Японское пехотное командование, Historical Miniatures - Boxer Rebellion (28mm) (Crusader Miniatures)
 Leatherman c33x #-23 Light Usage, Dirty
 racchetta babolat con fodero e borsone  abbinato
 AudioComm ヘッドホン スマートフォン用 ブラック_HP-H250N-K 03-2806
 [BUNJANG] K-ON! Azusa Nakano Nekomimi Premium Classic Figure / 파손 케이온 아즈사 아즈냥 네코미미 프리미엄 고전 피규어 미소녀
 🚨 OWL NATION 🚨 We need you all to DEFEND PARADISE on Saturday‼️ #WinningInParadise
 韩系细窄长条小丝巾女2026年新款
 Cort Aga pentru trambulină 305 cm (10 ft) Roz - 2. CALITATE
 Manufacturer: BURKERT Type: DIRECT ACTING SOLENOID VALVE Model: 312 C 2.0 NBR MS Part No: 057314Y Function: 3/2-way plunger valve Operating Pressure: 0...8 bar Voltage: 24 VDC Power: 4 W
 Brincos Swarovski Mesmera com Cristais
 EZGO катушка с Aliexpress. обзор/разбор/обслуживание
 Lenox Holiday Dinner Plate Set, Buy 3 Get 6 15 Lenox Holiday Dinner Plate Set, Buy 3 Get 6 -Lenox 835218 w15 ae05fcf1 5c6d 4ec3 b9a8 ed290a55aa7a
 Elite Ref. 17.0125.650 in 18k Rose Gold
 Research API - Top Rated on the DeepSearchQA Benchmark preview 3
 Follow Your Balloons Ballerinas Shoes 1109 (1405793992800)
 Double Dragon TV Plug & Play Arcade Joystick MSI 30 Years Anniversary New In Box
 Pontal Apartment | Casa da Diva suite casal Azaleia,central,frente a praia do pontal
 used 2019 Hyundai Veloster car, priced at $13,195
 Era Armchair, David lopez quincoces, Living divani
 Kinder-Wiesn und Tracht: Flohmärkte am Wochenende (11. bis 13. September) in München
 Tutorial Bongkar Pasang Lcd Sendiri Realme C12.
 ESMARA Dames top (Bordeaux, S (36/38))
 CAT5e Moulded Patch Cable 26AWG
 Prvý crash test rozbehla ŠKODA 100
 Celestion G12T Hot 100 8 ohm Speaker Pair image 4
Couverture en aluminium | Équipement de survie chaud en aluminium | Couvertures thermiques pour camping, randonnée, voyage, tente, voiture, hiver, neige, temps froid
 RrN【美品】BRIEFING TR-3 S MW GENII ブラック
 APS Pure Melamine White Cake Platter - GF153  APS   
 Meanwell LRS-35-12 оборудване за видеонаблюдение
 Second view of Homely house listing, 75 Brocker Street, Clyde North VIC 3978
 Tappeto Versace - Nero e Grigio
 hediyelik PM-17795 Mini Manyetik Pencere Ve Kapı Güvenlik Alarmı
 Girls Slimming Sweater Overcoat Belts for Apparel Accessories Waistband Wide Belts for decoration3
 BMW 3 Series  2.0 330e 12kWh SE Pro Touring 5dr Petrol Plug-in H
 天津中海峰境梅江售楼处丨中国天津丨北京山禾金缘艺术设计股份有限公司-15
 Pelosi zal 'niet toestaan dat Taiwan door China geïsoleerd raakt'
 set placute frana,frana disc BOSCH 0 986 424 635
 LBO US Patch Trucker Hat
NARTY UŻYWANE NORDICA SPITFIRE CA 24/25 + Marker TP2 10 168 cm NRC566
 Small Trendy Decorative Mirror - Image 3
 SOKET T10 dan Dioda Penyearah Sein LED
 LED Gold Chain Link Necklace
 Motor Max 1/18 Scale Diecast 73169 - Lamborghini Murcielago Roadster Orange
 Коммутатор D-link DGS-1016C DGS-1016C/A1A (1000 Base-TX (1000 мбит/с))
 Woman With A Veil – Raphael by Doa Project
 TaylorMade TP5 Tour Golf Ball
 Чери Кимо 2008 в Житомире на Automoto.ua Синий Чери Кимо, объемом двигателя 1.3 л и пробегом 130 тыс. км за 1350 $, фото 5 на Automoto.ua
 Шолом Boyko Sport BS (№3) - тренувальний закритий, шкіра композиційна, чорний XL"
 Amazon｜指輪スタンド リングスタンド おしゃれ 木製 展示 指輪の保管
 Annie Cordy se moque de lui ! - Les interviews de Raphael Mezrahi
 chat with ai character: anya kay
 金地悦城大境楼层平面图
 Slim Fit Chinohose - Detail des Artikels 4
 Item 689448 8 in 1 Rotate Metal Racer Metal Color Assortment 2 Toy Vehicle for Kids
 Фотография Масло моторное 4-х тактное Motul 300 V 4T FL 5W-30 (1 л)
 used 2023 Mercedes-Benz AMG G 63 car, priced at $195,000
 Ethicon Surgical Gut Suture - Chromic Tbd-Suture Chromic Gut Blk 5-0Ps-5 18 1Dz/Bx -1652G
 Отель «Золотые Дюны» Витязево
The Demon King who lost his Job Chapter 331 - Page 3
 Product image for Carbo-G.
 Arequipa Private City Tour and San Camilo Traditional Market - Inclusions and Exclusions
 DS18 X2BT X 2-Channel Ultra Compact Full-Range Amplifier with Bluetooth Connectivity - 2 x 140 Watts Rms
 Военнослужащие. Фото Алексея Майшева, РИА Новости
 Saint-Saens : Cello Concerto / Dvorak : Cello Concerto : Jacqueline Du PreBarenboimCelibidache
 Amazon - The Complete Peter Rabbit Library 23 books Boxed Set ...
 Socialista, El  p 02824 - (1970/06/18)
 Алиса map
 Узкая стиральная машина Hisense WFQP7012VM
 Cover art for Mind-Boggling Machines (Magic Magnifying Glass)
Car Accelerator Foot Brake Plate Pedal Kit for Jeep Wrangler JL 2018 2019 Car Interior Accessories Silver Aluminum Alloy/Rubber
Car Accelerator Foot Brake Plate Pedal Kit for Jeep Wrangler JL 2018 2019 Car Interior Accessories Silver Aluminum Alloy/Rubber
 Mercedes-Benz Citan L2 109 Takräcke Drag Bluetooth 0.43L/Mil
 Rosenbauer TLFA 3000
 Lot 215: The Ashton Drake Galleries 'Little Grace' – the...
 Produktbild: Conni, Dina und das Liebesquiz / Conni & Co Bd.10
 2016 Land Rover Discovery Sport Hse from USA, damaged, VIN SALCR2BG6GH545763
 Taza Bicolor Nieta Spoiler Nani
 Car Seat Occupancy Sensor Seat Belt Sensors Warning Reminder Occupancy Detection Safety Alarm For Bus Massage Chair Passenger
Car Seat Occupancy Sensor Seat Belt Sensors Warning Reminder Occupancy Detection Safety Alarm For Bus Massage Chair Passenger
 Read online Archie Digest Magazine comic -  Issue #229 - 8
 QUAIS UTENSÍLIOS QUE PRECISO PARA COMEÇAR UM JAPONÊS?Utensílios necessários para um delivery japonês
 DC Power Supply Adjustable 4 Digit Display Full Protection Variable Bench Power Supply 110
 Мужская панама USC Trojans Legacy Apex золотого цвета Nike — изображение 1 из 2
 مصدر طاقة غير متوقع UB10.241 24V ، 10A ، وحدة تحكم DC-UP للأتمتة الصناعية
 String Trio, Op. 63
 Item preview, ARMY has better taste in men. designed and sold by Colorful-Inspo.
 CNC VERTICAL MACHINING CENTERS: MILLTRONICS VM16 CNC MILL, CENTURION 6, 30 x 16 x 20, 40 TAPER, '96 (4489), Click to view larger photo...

* * * * * * * * *

From the records above, transcribe without alteration every line from the one with "Manufacturer: BURKERT Type: DIRECT" to the one with "Elite Ref. 17.0125.650 in 18k Rose Gold", inclusive.

**EXERCISE ANSWER:**
 Manufacturer: BURKERT Type: DIRECT ACTING SOLENOID VALVE Model: 312 C 2.0 NBR MS Part No: 057314Y Function: 3/2-way plunger valve Operating Pressure: 0...8 bar Voltage: 24 VDC Power: 4 W
 Brincos Swarovski Mesmera com Cristais
 EZGO катушка с Aliexpress. обзор/разбор/обслуживание
 Lenox Holiday Dinner Plate Set, Buy 3 Get 6 15 Lenox Holiday Dinner Plate Set, Buy 3 Get 6 -Lenox 835218 w15 ae05fcf1 5c6d 4ec3 b9a8 ed290a55aa7a
 Elite Ref. 17.0125.650 in 18k Rose Gold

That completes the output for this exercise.